Rivals make mistakes, crash into walls, and use their boosts too soon. But they also stay close to earn power and aggressively push you aside if you attempt to overtake them. From the initial races to the very last, the AI always provides a challenge – one you can only conquer through perseverance and flawless driving.

The driving in the game is exactly what you anticipate when you start a Ridge Racer game – it’s easy to slip into ludicrous drifts that last for an unusually long time. The sensation of speed is also outstanding, and I was especially taken with the sound. Dubstep replaces the traditional Ridge Racer techno soundtrack to great effect, and the roaring engines truly help enhance a fantastic sense of speed.

The newly designed HUD is great, minimizing screen clutter and using in-game overlays to display relevant information, but I did miss having an on-screen map to help navigate corners.

As you complete races, experience is earned depending on performance. Additional experience is gained for opening shortcuts, destroying objects, taking down opponents, and more, in addition to the experience earned from your finishing position. This game tracks everything, so if you like collecting in-game medals, Unbounded is one of the best. Although some may argue this is gamification at its worst, it works well because it makes any finish productive. In many other racers, there’s little value to finishing anywhere but first. In Unbounded, I frequently finished races that I would have quit in any other game.
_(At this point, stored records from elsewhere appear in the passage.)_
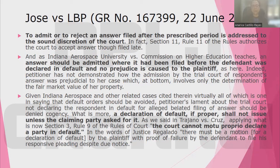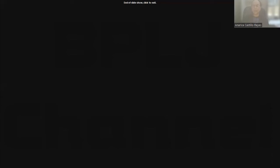In Husset versus Landbach, the Supreme Court reiterated that to admit or reject an answer filed after the prescribed period is addressed to the sound discretion of the court. An answer should be admitted where it was filed before the defendant was declared in default and there was no prejudice caused to the plaintiff. A declaration of default, if proper, shall not issue unless the claiming party asks for it — thus the court cannot, motu proprio, declare a party in default. That's all for Rule 9, Effect of Failure to Plead. Thank you for listening and don't forget to subscribe.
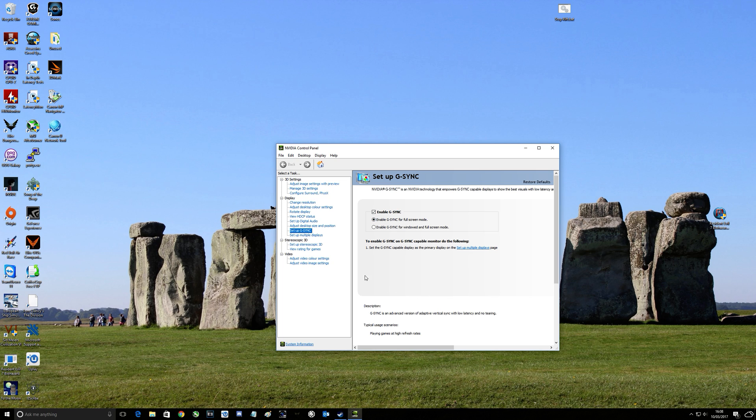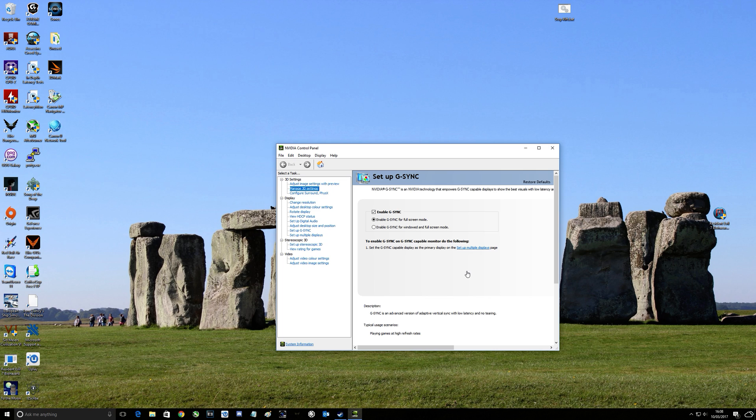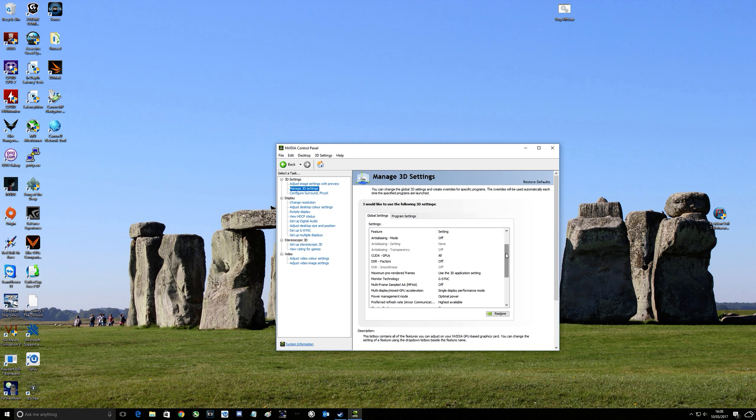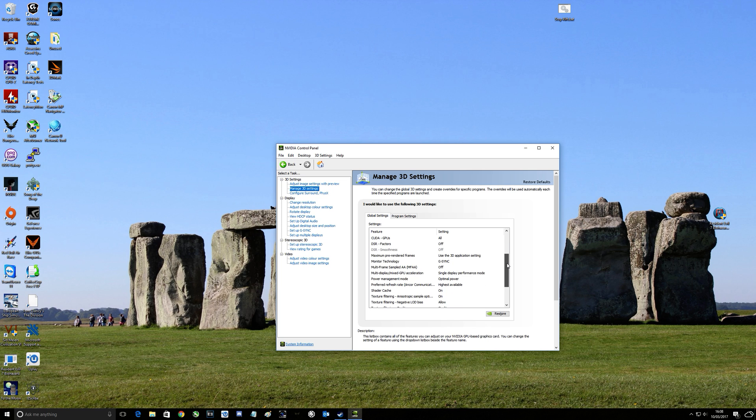Secondly you want to go to manage 3D settings. So once that kicks in we'll have a look at the settings we've got here. Again as you can see, monitor technology G-Sync. I'll leave that on because that's what I've got.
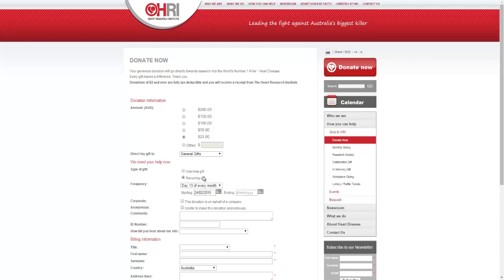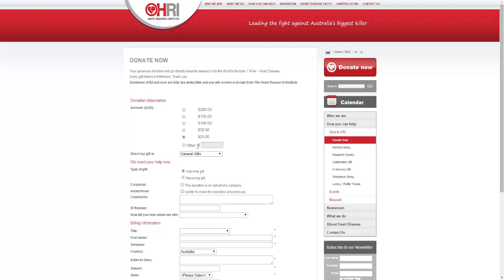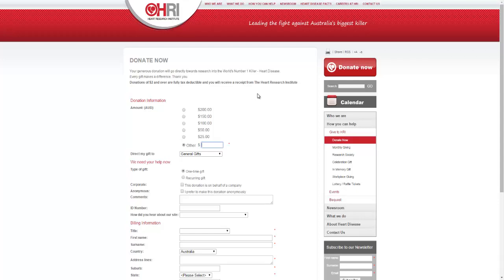I will leave the link in the description. Again, you can just make a one-time gift as well. You can put any other amount in there - it doesn't have to be those if you can't donate that much. Even something like $1, $2, $5, whatever. And it says here donations of $2 and over are fully tax deductible. If you were wondering about that, you'll get a receipt as well from the Heart Research Institute.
Shatter City offers nine districts for players to progress through. Initially, one district is accessible, and as you earn experience others are unlocked. The game starts with a slow progression through industrial districts. There isn’t enough variety between the first few districts to make it feel like you’re seeing anything new, which made me initially feel lukewarm towards the game. However, when I finally unlocked some of the other districts, particularly City Center, the game became much more visually appealing.

Ridge Racer Track Editor

The track editor is what attracted me the most to Unbounded. I was excited to recreate the streets around my house that I often dream of racing down. Although the track editor is certainly functional, I wasn’t able to achieve quite what I wanted to. You begin by viewing a top-down grid and then selecting specific set pieces themed around the game’s district. You string these along until the ends connect and then you can enter a more detailed mode that allows you to place explosives, jumps, and the like. The options for customization are limited, and I was disappointed that I couldn’t modify elevation, which apparently was also a limitation for Bugbear since every track in the game is flat.
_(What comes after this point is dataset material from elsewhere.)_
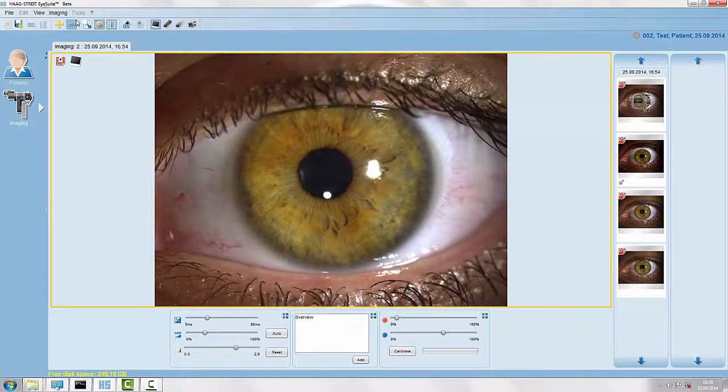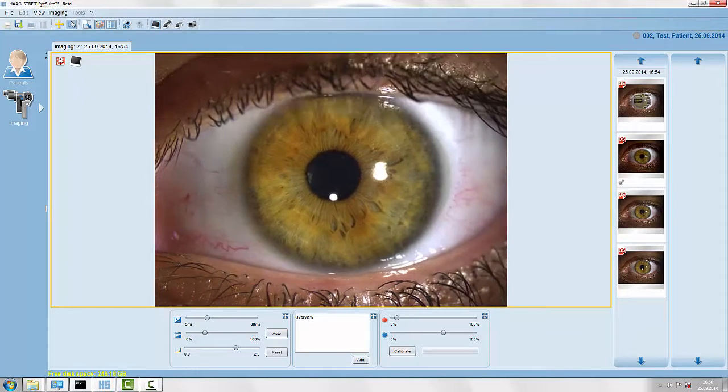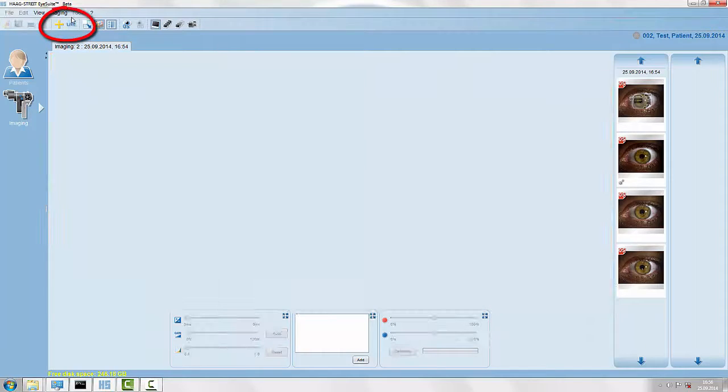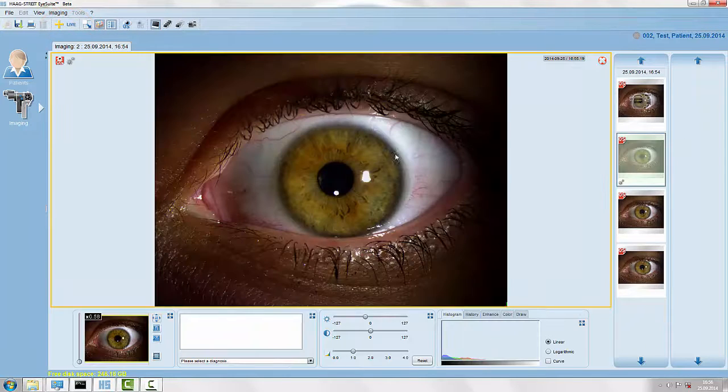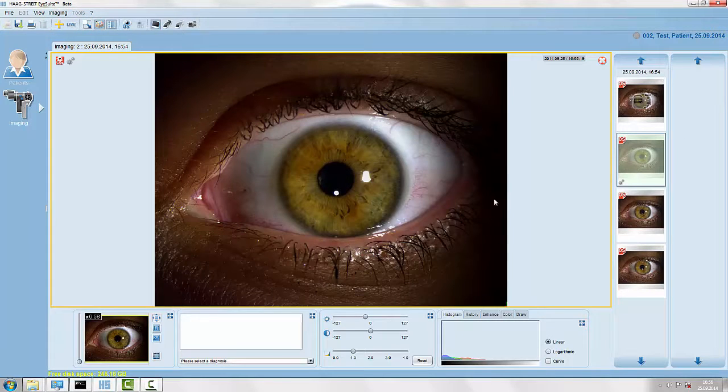Once we have all our images we quit the live mode and are now in the imaging viewer.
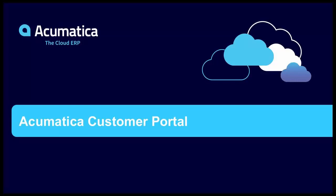The Acumatica customer portal. This is a great way to extend self-service functionality to your customers.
This means no significant hill climbs, no steep descents and no high-banked turns. After creating a few events, I stopped investing time in the editor, although there are many user-created tracks available to check out. Unbounded also offers online racing across all modes. The online population wasn’t huge, but I found several competitive races and the mode generally works well, though a few of my races were marred by lag and stuttering.

The Ridge Racer franchise was in need of a refresh, and I’m pleased to say that this is now in the past. The series has truly taken a turn for the better. Ridge Racer Unbounded is not only the best Ridge Racer game in years, but also an excellent racing game overall. It is a challenging game that requires precision and patience to master, but in return, it delivers exciting, thrilling races. It isn’t perfect, but it’s a significant step in the right direction for the franchise.